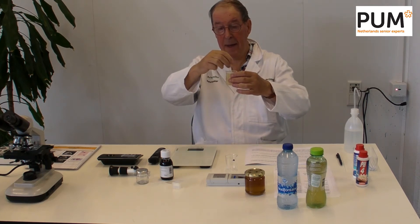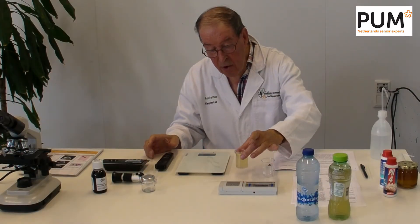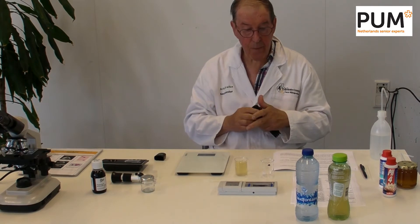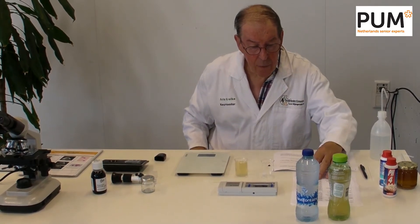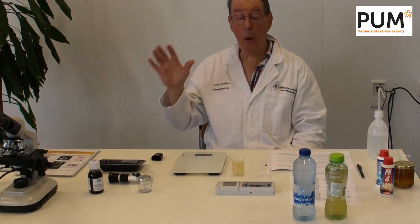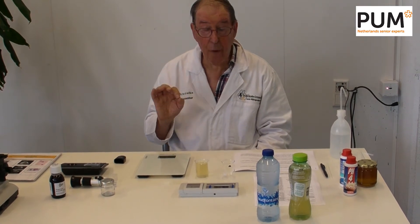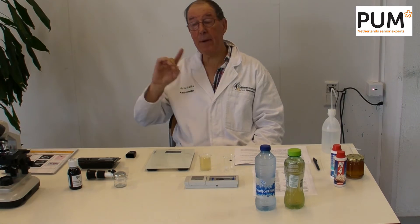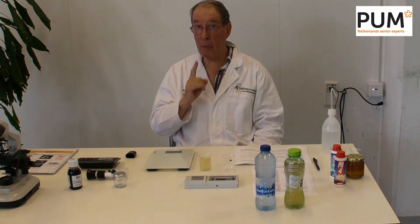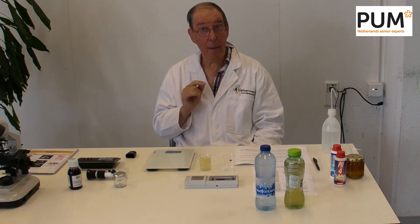We have done it in this glass jar. This solution is also used for the EC and acidity — the pH measurement. There is an international rule, the Codex Alimentarius Standard — a rule for the whole world — that says honey has a pH between 3.2 and 6.1. If the honey has a higher value than 6.1 or lower than 3.2, something is wrong and according to international law you may not call it honey anymore. It's sugar water.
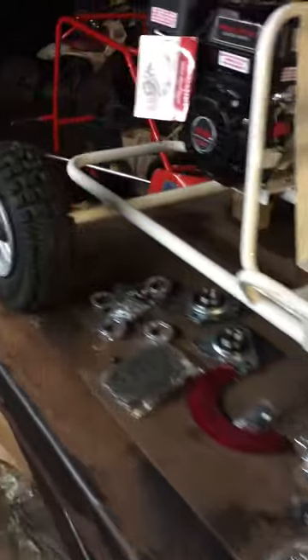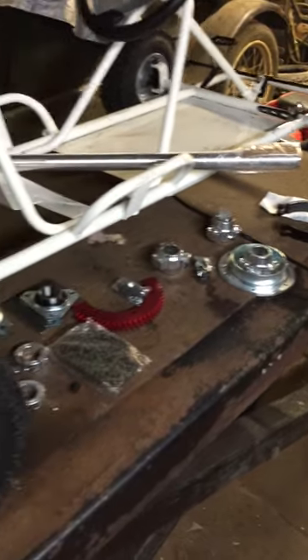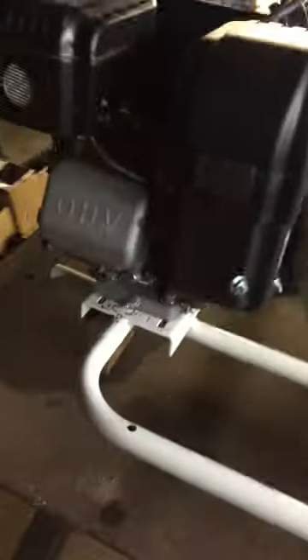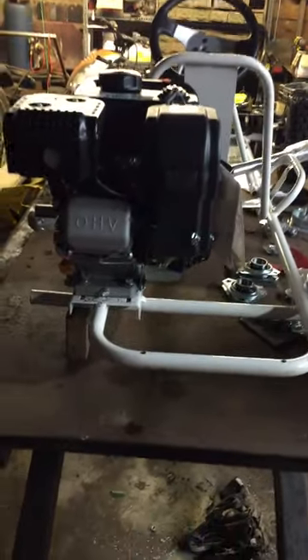A customer brought in a little yard cart. We want to do a live axle conversion. Got our parts through BMI Carts. We're also going to relocate the engine to the center to give us a little more room, put the brakes out here, and get the sprocket and everything in the center.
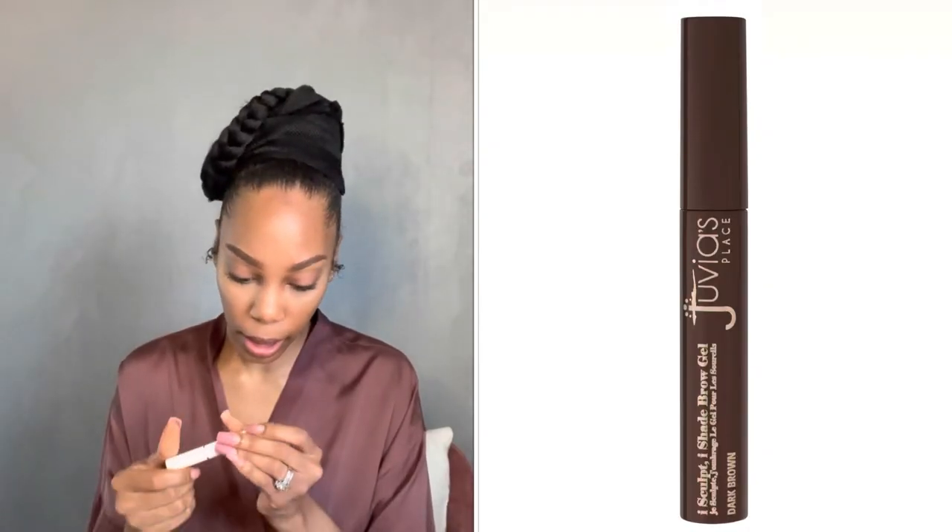I forgot to add my brow gel — I got it from Juvia's Place in the color clear. We're going to lay this right on top of the brows. It's summer, so we need to keep those brows intact.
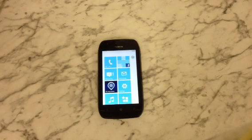Hi, this is a video on how to do a hard reset or factory reset on a Nokia Lumia 710.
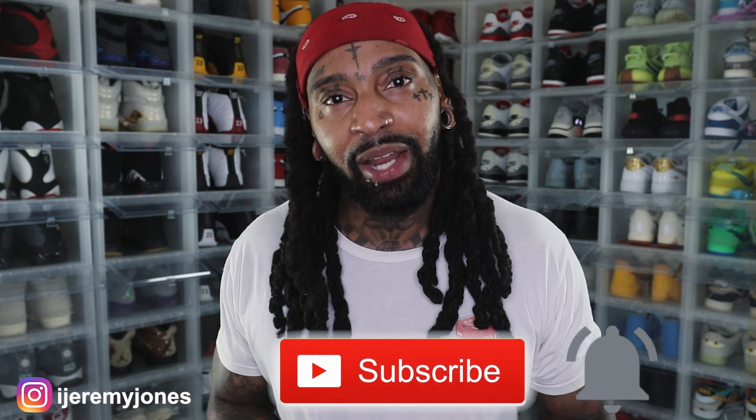All right, I'm gonna go ahead and wrap this up — stop rambling. Be sure to hit that like button, it really helps the channel out. If you haven't already, consider subscribing — I make content about sneakers. My name is Jeremy Jones, thank you for watching, and I'm out.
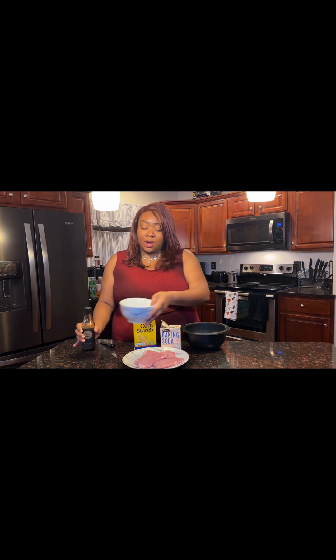I'm adding garlic, I'm adding adobo, I'm adding onion powder, and I'm adding soy sauce. So make it your own. We're going to add all of that to a small bowl and then we're going to go from there.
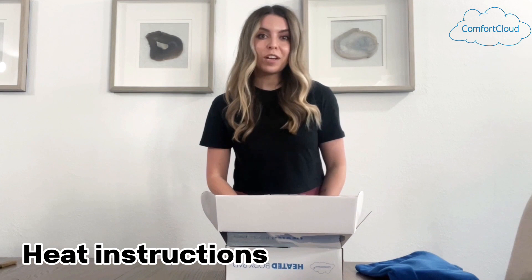Today I will walk you through the unboxing of the Comfort Cloud body pads. This model of the pad includes a cover with a hook and loop closure, an insert with heating instructions, contact info for Comfort Cloud customer service, and the warranty card.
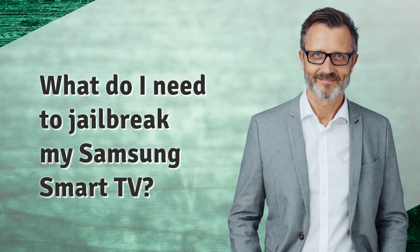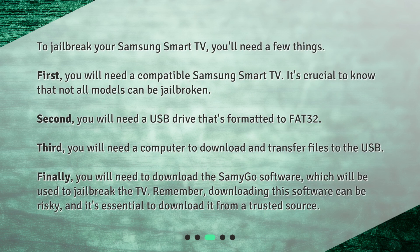What do I need to jailbreak my Samsung Smart TV? To jailbreak your Samsung Smart TV, you'll need a few things. First, you will need a compatible Samsung Smart TV — it's crucial to know that not all models can be jailbroken. Second, you will need a USB drive that's formatted to FAT32. Third, you will need a computer to download and transfer files to the USB.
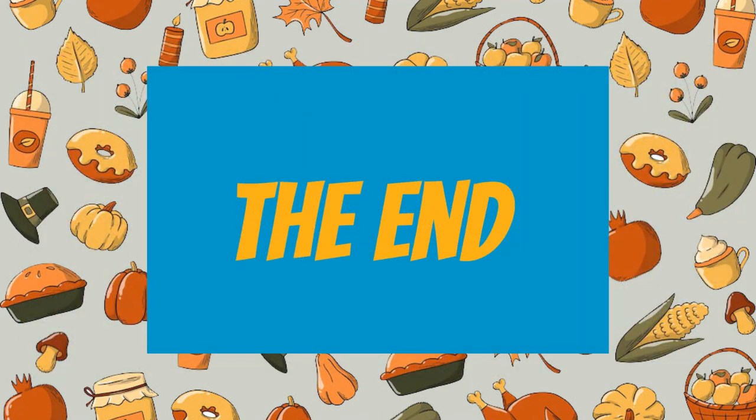The end. That's all from Storytime with Pat Pam. I'll see you again tomorrow. Goodbye.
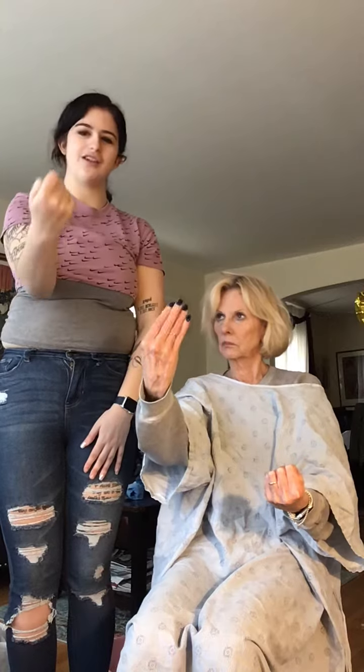For your thumbs, you're going to go like this and go in and close. And then you're going to go like this, and go like this, and close.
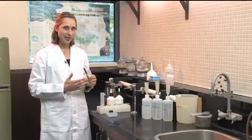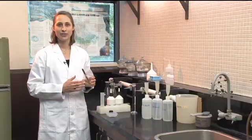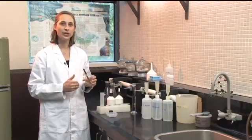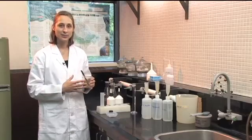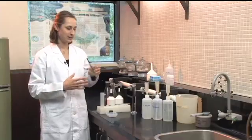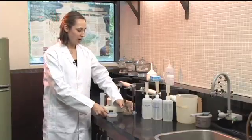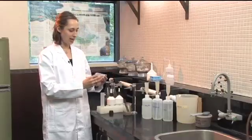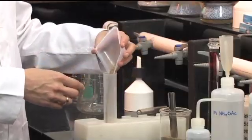The amount that we weigh is going to depend on the organic matter content of the soil. If it's a low organic matter soil, we want to use about 10 grams. If it's a high organic matter soil, about two to five grams. I've already weighed out a sample, and we're going to put that into a 100 ml centrifuge tube.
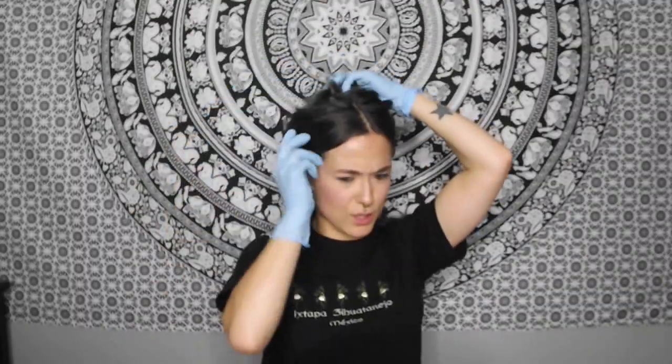I have a Mexico t-shirt. My dad came back from Mexico and gave me that t-shirt, but it's not really my style. I'm sorry dad, I'm so sorry. He just wanted to bring back something for me. So I used it to do my hair.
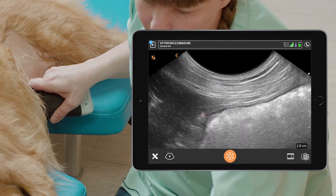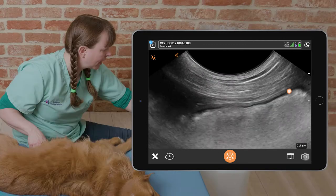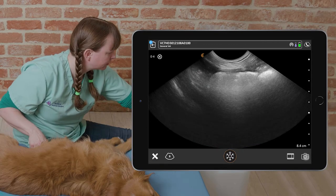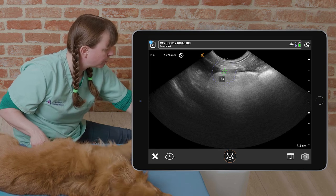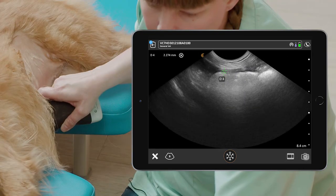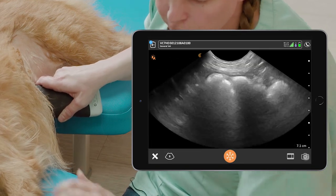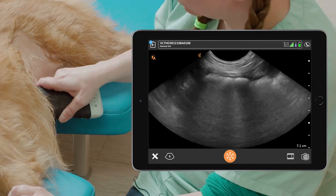We can reduce our depth so that we can see the wall of the stomach, and then we can take a measurement from the lumen up to the serosal layer. If we increase our depth we can have a look at the full stomach.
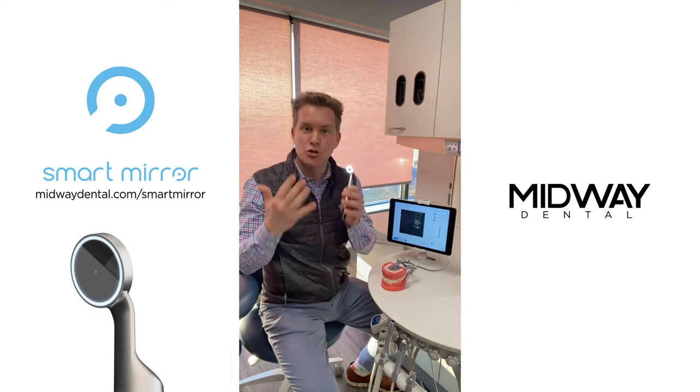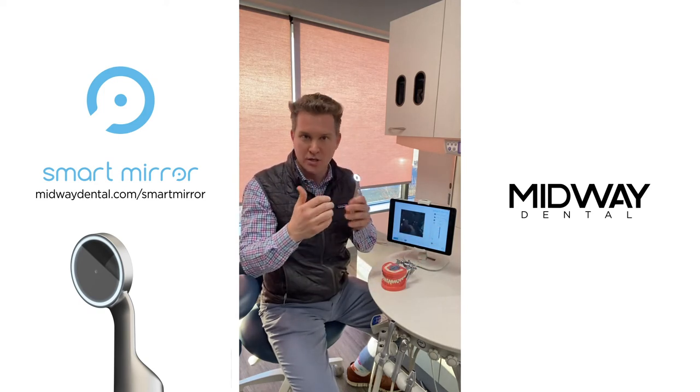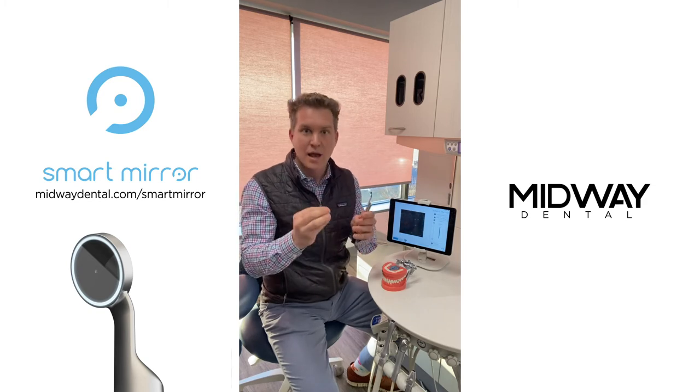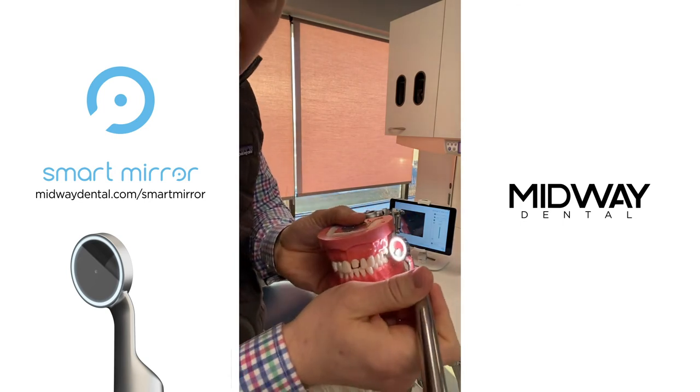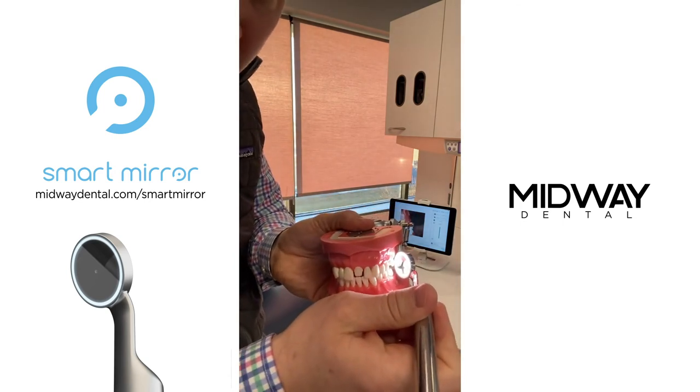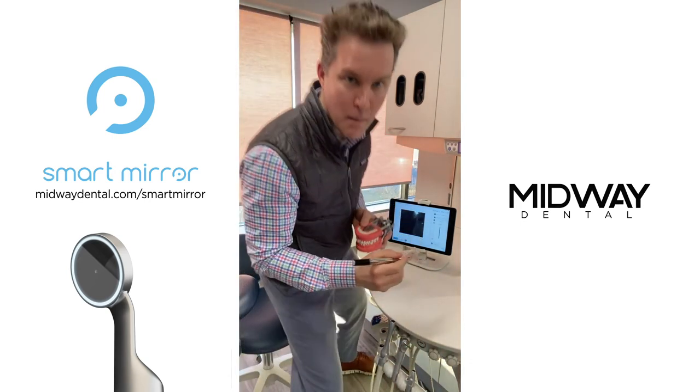These are true color LED lights — some of the most phenomenal, advanced LED lights in the world. From a dental mirror perspective, you're never going to see this much light and illumination in the oral cavity, period.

Task to complete: Would you restate word for word each line from the one that holds "What do I need" to the end of the material, both ends included, without the pictures?

Result of the exercise:
What do I need to jailbreak my Samsung Smart TV? To jailbreak your Samsung Smart TV, you'll need a few things. First, you will need a compatible Samsung Smart TV — it's crucial to know that not all models can be jailbroken. Second, you will need a USB drive that's formatted to FAT32. Third, you will need a computer to download and transfer files to the USB.
The end. That's all from Storytime with Pat Pam. I'll see you again tomorrow. Goodbye.
For your thumbs, you're going to go like this and go in and close. And then you're going to go like this, and go like this, and close.
The amount that we weigh is going to depend on the organic matter content of the soil. If it's a low organic matter soil, we want to use about 10 grams. If it's a high organic matter soil, about two to five grams. I've already weighed out a sample, and we're going to put that into a 100 ml centrifuge tube.
I have a Mexico t-shirt. My dad came back from Mexico and gave me that t-shirt, but it's not really my style. I'm sorry dad, I'm so sorry. He just wanted to bring back something for me. So I used it to do my hair.
We can reduce our depth so that we can see the wall of the stomach, and then we can take a measurement from the lumen up to the serosal layer. If we increase our depth we can have a look at the full stomach.
These are true color LED lights — some of the most phenomenal, advanced LED lights in the world. From a dental mirror perspective, you're never going to see this much light and illumination in the oral cavity, period.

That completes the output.